If the parties agreed, they could dispense with the requirement for a formal record and just answer the question of law. But if the parties don’t agree due process won’t allow that - and the KSDP isn’t going to agree because there’s nothing in it for them.
That’s a little complicated, but the basic answer is that the petition was filed on an emergency basis and the defendant was a state agency, which is not entitled to due process (or at least to the same degree as a private litigant.)
Just wanted to add a few followup thought to this. Their first decision was that the AG could not refuse to allow the Dem candidate from the ballot. This was unanimous, or maybe more accurately, by consensus. One would think there would be MORE evidence needed to decide that case – prior withdrawal letters submitted candidates, prior refusals to accept such a letter, prior case histories of any litigation of the issue, etc.
It’s arguable that this second issue might need the same kind of research, but why accept and decide the first and refuse the second? And particularly when the court must have understood that the delay meant a defacto loss for the AG.
It must have been the Candidate or the Democratic party who filed the first case, to force the AG to remove the name after he proclaimed that he wouldn’t.
Do we know how this second case came about? As I understand it, after the first ruling the AG issued an order that the Party put up another name. So I would guess that the Democrats would also be the ones filing the second case. But it’s possible the Dems just made some public snorting sounds about not doing it, and the AG then filed papers asking the court to rule on his order as an aid to enforcing it.
In the first case, I’m sure the Dems wouldn’t have filed it with a claim of “emergency” since they were in no hurry. Does the AG have the power to request some kind of “emergency” rapid ruling, no matter which side filed?
I don’t know what you mean by “prior case histories”, but case law isn’t considered evidence. It’s considered argument, and it’s always admissible without notice to the other party (just like, say, the text of a statute).
Again, both parties in the new law suit are private litigants, which means they get to present evidence and the like no matter what. The only evidence the court considered in the first lawsuit were a few affidavits, Taylor’s letter and those of prior candidates.

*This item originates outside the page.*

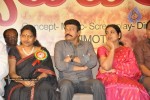 Viswa Vijetha Movie Audio Launch - 25 of 52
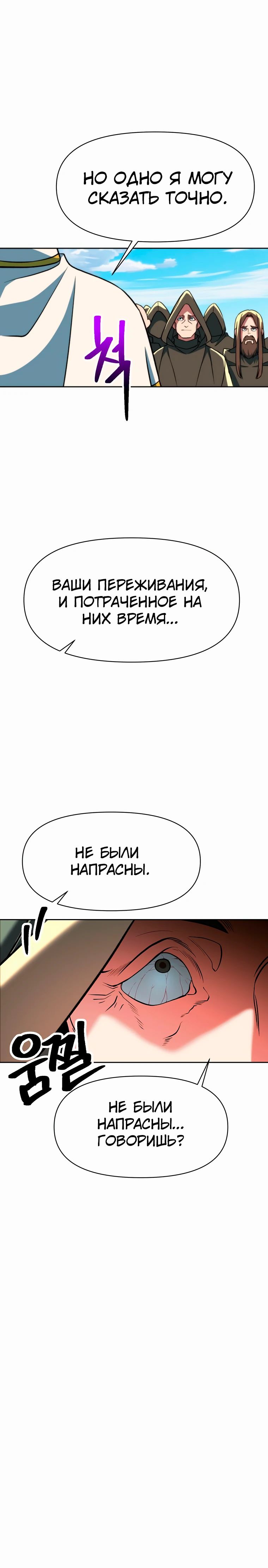 Манга Архимаг, Преодолевающий Регрессию - Глава 161 Страница 27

ETA: In the second case the plaintiff is a “registered Democrat” (the father of a Brownback campaign staffer) who wants to force the Dems to nominate someone. Kobach isn’t officially involved. Taylor did file the first lawsuit, and he was certainly in a hurry; if it hadn’t been decided quickly, his name would have been on the ballot. Kobach is the Secretary of State, incidentally, not the Attorney General.
Fascinating. Yet again, I am baffled by the fact that in the US, the person in charge of the electoral process is a partisan politician, rather than a non-partisan, neutral official.